One Last Karma Crusade

Dear Dr. Hope Crusher,

CC: Medical Disciplinary Board

Your misdiagnosis really messed me up. I want you to read this so you don’t do the same thing to someone else.

I was referred to you because I had pain in both of my arms for no obvious reason. My family doctor thought I had arthritis, but you glanced at my file as you walked down the hall toward the examination room and decided that I had Fibromyalgia.

It had been just three months since the pain began. There was no pain in the lower half of my body at that time. You jabbed your fingers into my muscles hard enough to hurt me everywhere, not only on the tender spots, but you ignored the fact it was you who was hurting me, not my illness.

You handed me a few photocopied notes and diagrams about stretching and guided me out the door.

There was never any follow up. You didn’t recommend more tests – not even a sleep study – or more doctors. You only saw me once. My family doctor had to prescribe me pills and check in with me and help me manage my day-to-day pain and fatigue.

Because you had incorrectly labelled me with Fibromyalgia, other doctors either thought I was a hypochondriac or a lost cause, and I went for years without finding out what was really wrong with me.

After years of no sleep, even while taking the sleeping pills recommended for patients with Fibromyalgia, I got fed up and demanded a sleep study. Luck for me, I had the energy that day to advocate for health.

The sleep study uncovered a major issue with my heart. I know you’re not a cardiologist, but you’re probably smart enough to realise that cardiomyopathy causes fatigue.

Turns out all I needed were beta blockers and ACE inhibitors to make me feel better. I’m not exhausted or achey or stiff anymore, Dr. H.C. I have been living well without medication for a very long time now, Dr. H.C.

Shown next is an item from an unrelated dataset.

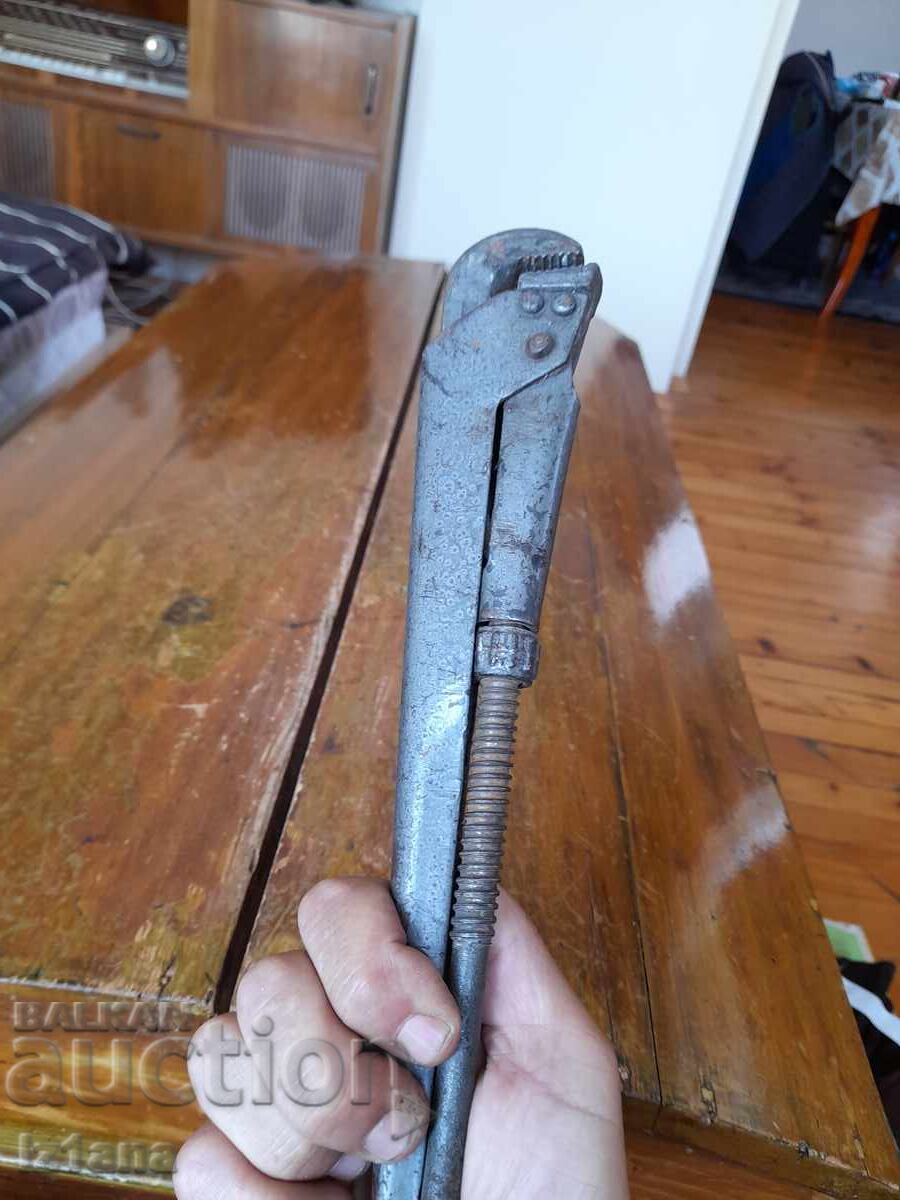 Auction  Old plumbing switch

If you had taken the time to diagnose me properly, instead of trying to stuff me into a neat box and then throw me out the door, you would have saved me a lot of heartache.

If you practice medicine every day the way you practiced medicine with me that day, you are a disgrace. You should put your medical licence in that box, set it on fire and then go back to school to become a Wall Street broker.

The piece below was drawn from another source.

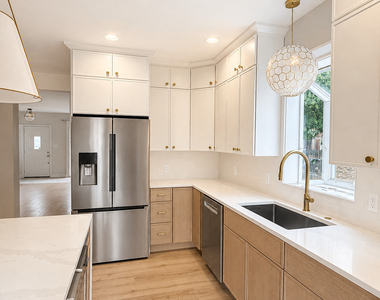 3914 N Mozart Street - Photo Thumbnail 11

I’d rather you fuck with my money than my life.

With all my heart,

Jenn

Premature Ventricular Contractions

It’s common for a healthy woman in her twenties to experience some PVCs – extra, abnormal heartbeats that begin in one of the ventricles. That’s what my doctor said when I was rejected by the blood bank for having an abnormal pulse. She wasn’t making it up; it’s true.

It’s not healthy to have more than one hundred PVCs a minute.

My family doctor was smiling when she told me what the sleep study found. Don’t judge her for giving me bad news in a light-hearted way; in this case, bad news meant good news. Knowing that my heart was working so hard to pump blood through my body, she had no doubt in her mind that I was tired because of the PVCs. My other symptoms (pain in shoulders and neck, headaches, blurred vision, etc) could also be related to my heart issue.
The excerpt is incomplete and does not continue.